**WHAT TO PRODUCE**:
When the line containing "Load image into" appears in the entries below, begin printing there and stop after the line containing "DaSayO Women's High"; print each of those lines exactly and no other line.

**MATERIALS PROVIDED**:
━━━━━━━━━━━━━━━━━━━━━━━━━━━━━━

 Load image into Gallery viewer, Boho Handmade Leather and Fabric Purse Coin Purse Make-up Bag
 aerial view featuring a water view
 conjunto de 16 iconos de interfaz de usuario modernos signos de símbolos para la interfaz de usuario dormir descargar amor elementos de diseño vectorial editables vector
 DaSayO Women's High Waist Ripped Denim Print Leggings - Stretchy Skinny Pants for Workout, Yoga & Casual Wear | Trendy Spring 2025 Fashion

━━━━━━━━━━━━━━━━━━━━━━━━━━━━━━

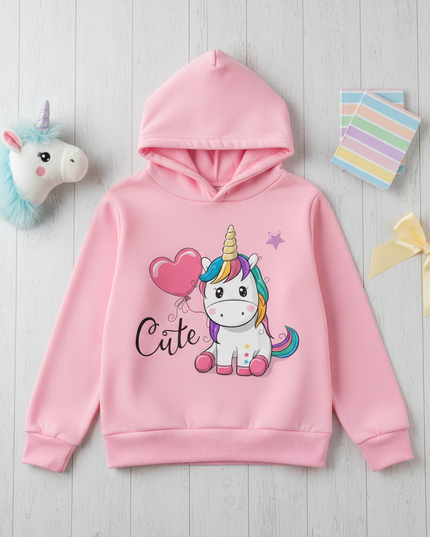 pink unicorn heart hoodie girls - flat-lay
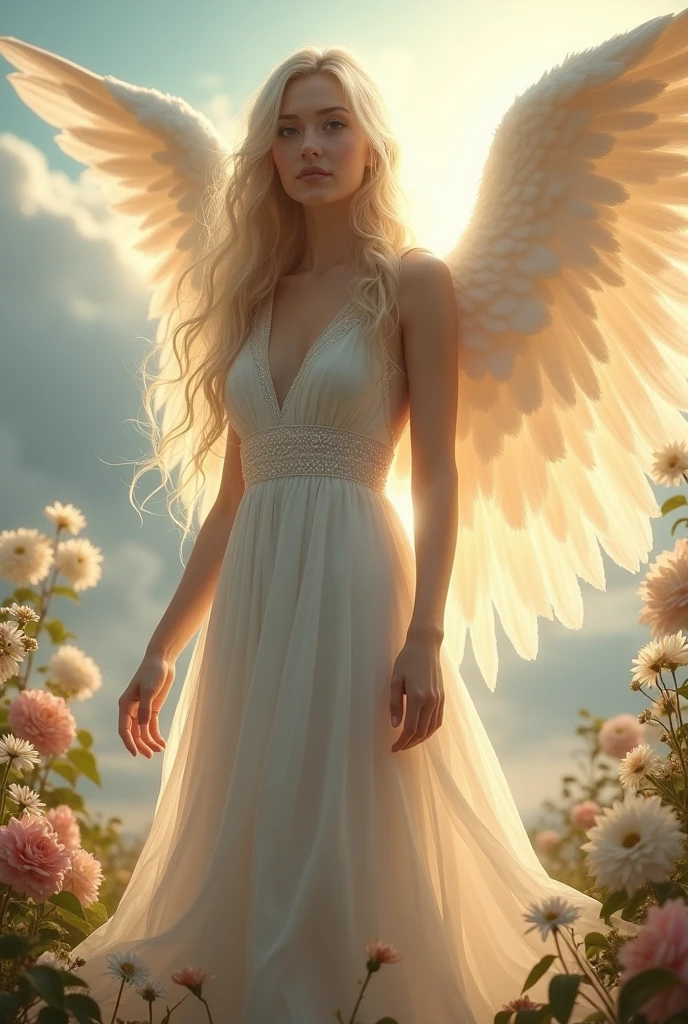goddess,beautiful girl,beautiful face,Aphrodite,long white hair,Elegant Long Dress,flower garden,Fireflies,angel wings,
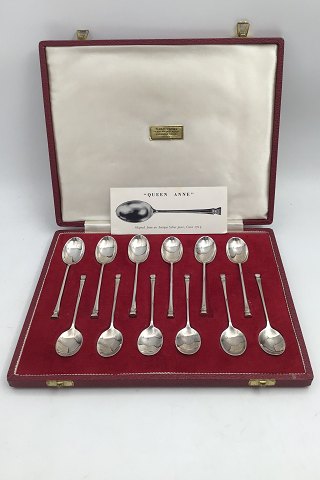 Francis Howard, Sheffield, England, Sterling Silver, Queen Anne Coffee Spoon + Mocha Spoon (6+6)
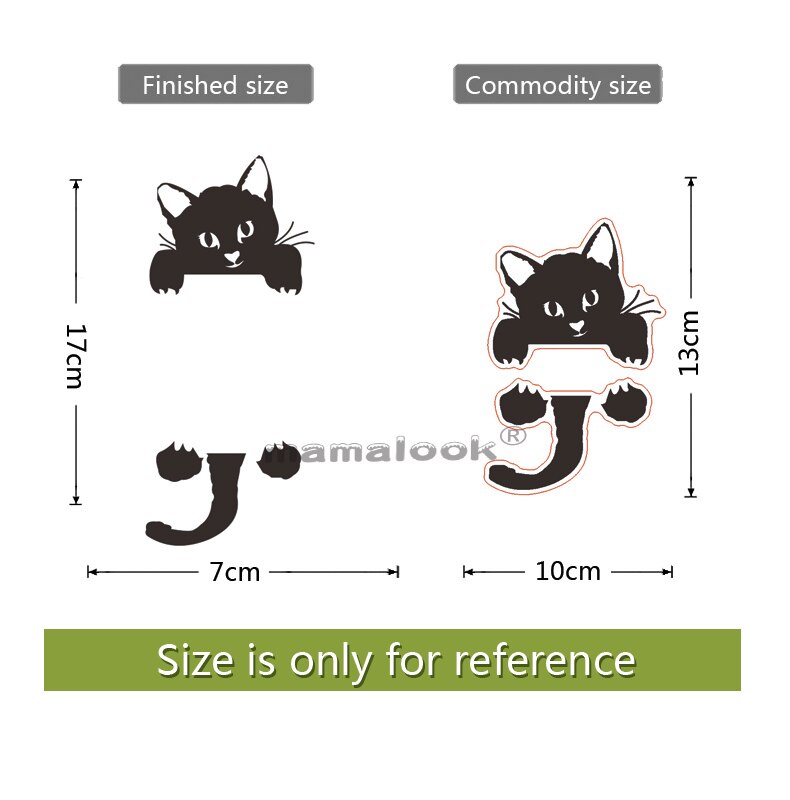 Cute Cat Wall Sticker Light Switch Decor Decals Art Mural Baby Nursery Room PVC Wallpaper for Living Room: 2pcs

━━━━━━━━━━━━━━━━━━━━━━━━━━━━━━

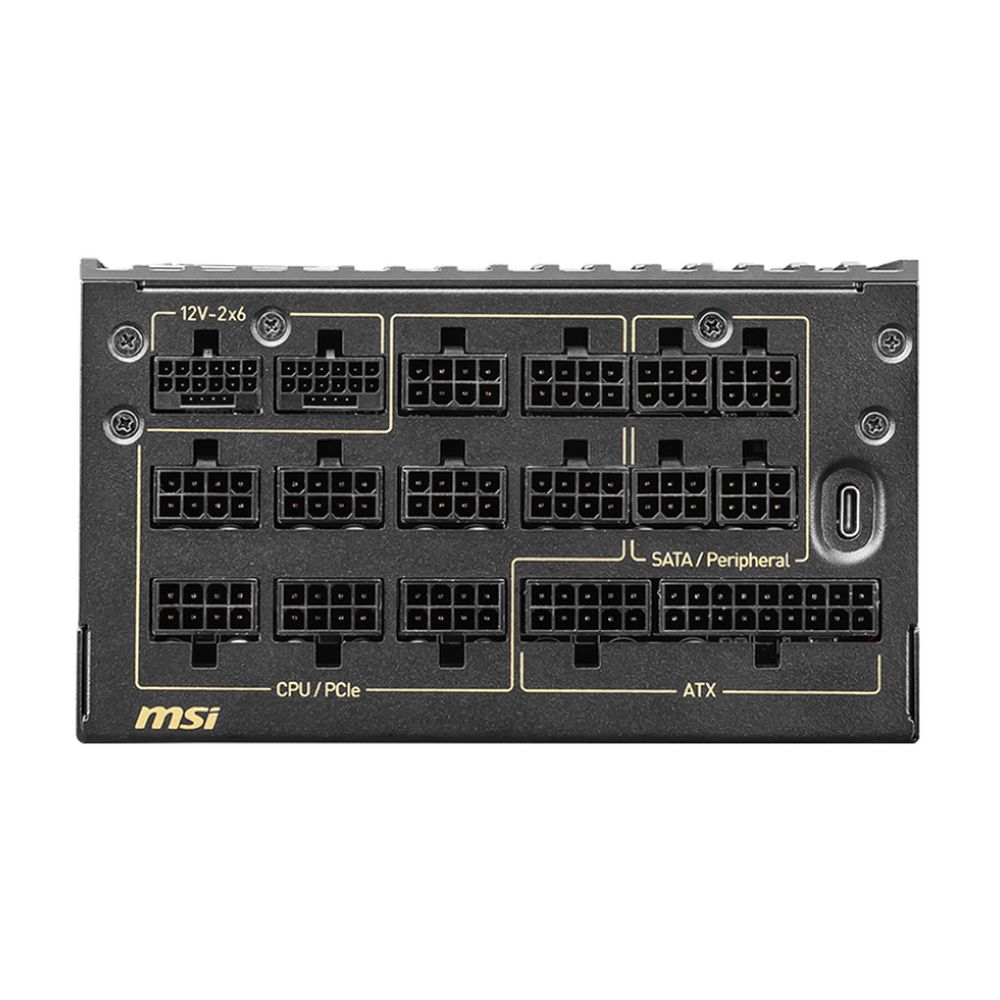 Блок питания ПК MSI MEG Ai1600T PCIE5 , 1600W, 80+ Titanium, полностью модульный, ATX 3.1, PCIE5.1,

━━━━━━━━━━━━━━━━━━━━━━━━━━━━━━

**TASK SOLUTION**:
 Load image into Gallery viewer, Boho Handmade Leather and Fabric Purse Coin Purse Make-up Bag
 aerial view featuring a water view
 conjunto de 16 iconos de interfaz de usuario modernos signos de símbolos para la interfaz de usuario dormir descargar amor elementos de diseño vectorial editables vector
 DaSayO Women's High Waist Ripped Denim Print Leggings - Stretchy Skinny Pants for Workout, Yoga & Casual Wear | Trendy Spring 2025 Fashion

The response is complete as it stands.